Bluesky is introducing a major moderation overhaul to clarify how rule violations are tracked and to make enforcement more visible to users. Among them are broader reporting options, a more detailed strike system with severity ratings, and clearer notices and appeals — all of which will ship with the app’s latest release.

The initiative is a sign of the platform’s rapid expansion in its first year since letting average users sign up — and an attempt to dodge the kind of toxicity that has plagued bigger social networks. Bluesky is not changing what it will enforce; instead, Bluesky is modernizing the tooling underlying enforcement to provide consistency, quicker action on high-risk reports, and plain-language explanations sent directly to impacted accounts.

Table of Contents

What Users Will See in Bluesky’s New Moderation Tools
A Strike System, and More Clarity on Consequences
Why Transparency Is Important on a Federated Network
Regulatory Pressure and the Current Safety Climate
What to Watch Next as Bluesky Rolls Out Moderation

A white butterfly icon centered on a blue background with subtle wave patterns.

What Users Will See in Bluesky’s New Moderation Tools

The range of reporting options on posts grows from six to nine, allowing people more specific labels for what they are flagging. New categories include Youth Harassment or Bullying, Eating Disorders, and Human Trafficking, which can be mapped to what is relevant today in terms of risk vectors based on trust-and-safety concerns from an industry regulatory perspective.

Under the hood, Bluesky has centralized but also made it so that enforcers can see the pattern over time of rule-breaking — how individuals and content are bad rather than a snapshot in this month’s policy violations. That could help decrease inconsistent outcomes, a common criticism of social platforms when identically breaking posts are penalized differently.

There are smaller interface tweaks shipping with the policy tooling, as well, such as an updated control for who can reply to a post and a dark-mode app icon. But the attention is squarely on how the reports move through and how results are reported.

A Strike System, and More Clarity on Consequences

Bluesky’s newly extended strike system rates each piece of content by severity, from low to critical risk. Major-risk violations can result in permanent bans, and lesser ones prompt temporary action; the severity is adjusted for repeat offenses. Multiple milder violations can be added up to tip an account over the threshold, though none of the most recent posts might be individually offensive.

Most importantly, users who are facing enforcement will start receiving clearer notices that cite which guideline was violated, which level of severity is being assessed (which isn’t the same as a strike), how many times the social platforms believe it was violated in total, and how close they might be to arriving at an account-level penalty, if applicable, as well as when the temporary suspension ends.

Appeals are available now, which is in line with the Santa Clara Principles on transparency and remedy that many trust-and-safety experts support.

That sort of clarity could have helped avoid confusion in past confrontations, such as when a popular account was suspended after quoting the lyrics to a song which moderators took as a violent threat. When the rules and reasons are clear, platforms generally have fewer elongated moderation blowups and more specific appeals.

Why Transparency Is Important on a Federated Network

Since Bluesky is building on the AT Protocol, moderation isn’t a top-down function; it is instead meant to be composable and leave space for third-party labeling services and community norms. It’s not that stronger central enforcement tooling is wrong; I think it helps establish a baseline while the ecosystem explores layered controls.

The Trust and Safety Professional Association has said that clear notices and predictable escalation paths are important for upholding community trust. In decentralized environments, that predictability is doubly important: users can’t tune their behavior or select additional filters unless they understand the substrate.

Regulatory Pressure and the Current Safety Climate

The new categories dovetail with legal responsibilities concerning the safety of minors and illegal content. The UK’s Online Safety Act requires platforms to mitigate harms including grooming and trafficking with audited procedures, while the EU’s Digital Services Act calls for risk assessments and a faster response time to priority flags as well as transparency reporting.

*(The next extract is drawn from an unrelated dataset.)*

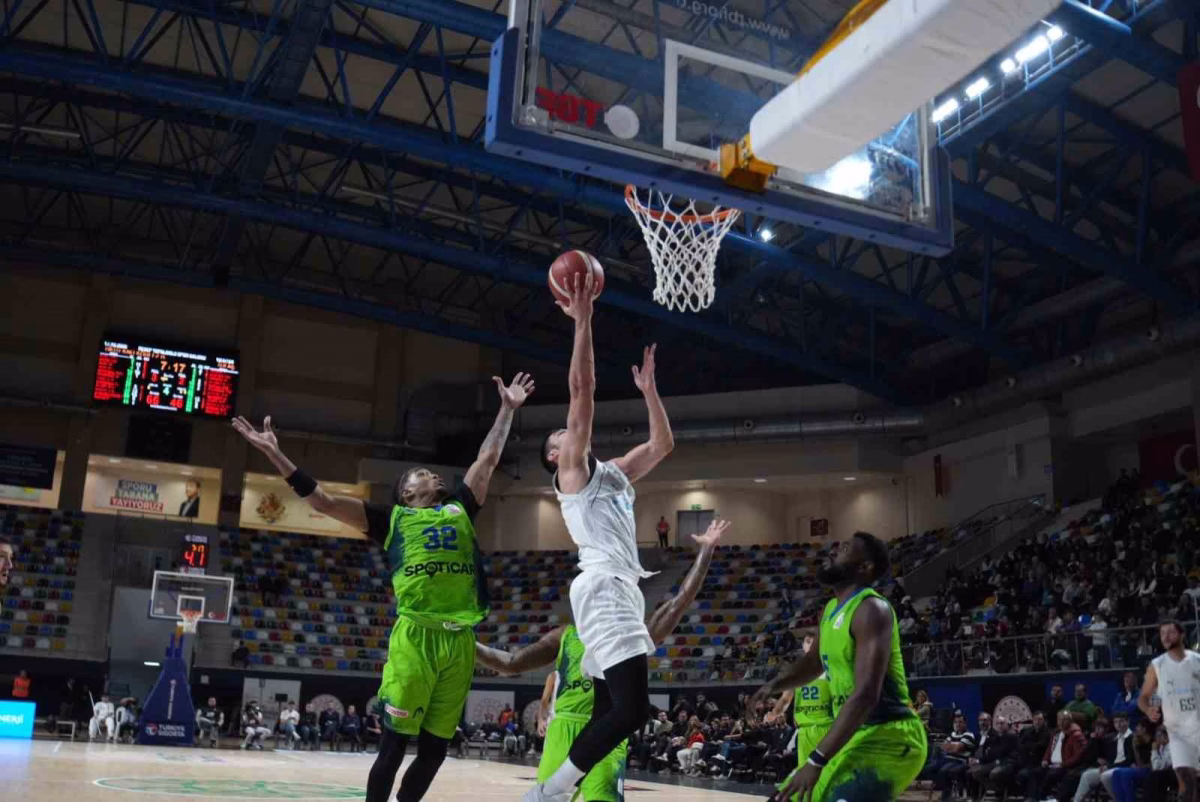 Körfez Basket TOFAŞ’a 71-69 mağlup oldu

In the United States, a hodgepodge of state laws is adding up to make noncompliance more financially onerous. Earlier this year, for instance, Bluesky opted to block access in Mississippi rather than diverting the resources it would have taken to comply with that state’s age-verification standards and risking potential five‑figure per‑user fines. Precision reporting and auditable enforcement trails are the sorts of controls regulators are increasingly demanding.

The need for safety is evident across the industry. Research from Pew Research Center has shown that about 4 in 10 American adults have experienced some kind of online harassment, with a meaningful share of Americans experiencing severe forms. For expanding companies, jumping the curve is not only a matter of brand, it’s risk management.

What to Watch Next as Bluesky Rolls Out Moderation

Signs that the overhaul is making a change will include faster time-to-action on high-severity reports, consistent decisions for similar cases, and transparent appeals with clear reversal rates. A public ranking system, modeled after DSA numbers, would add even more validation to the improvements.

Just as important will be how these tools interoperate on third-party labelers and community filters — the bet Bluesky made on composable moderation. If a baseline can be made sharper and the layers above it can remain malleable, then you have the potential for a network that adapts without descending toward the polarized patterns that have cursed larger incumbents.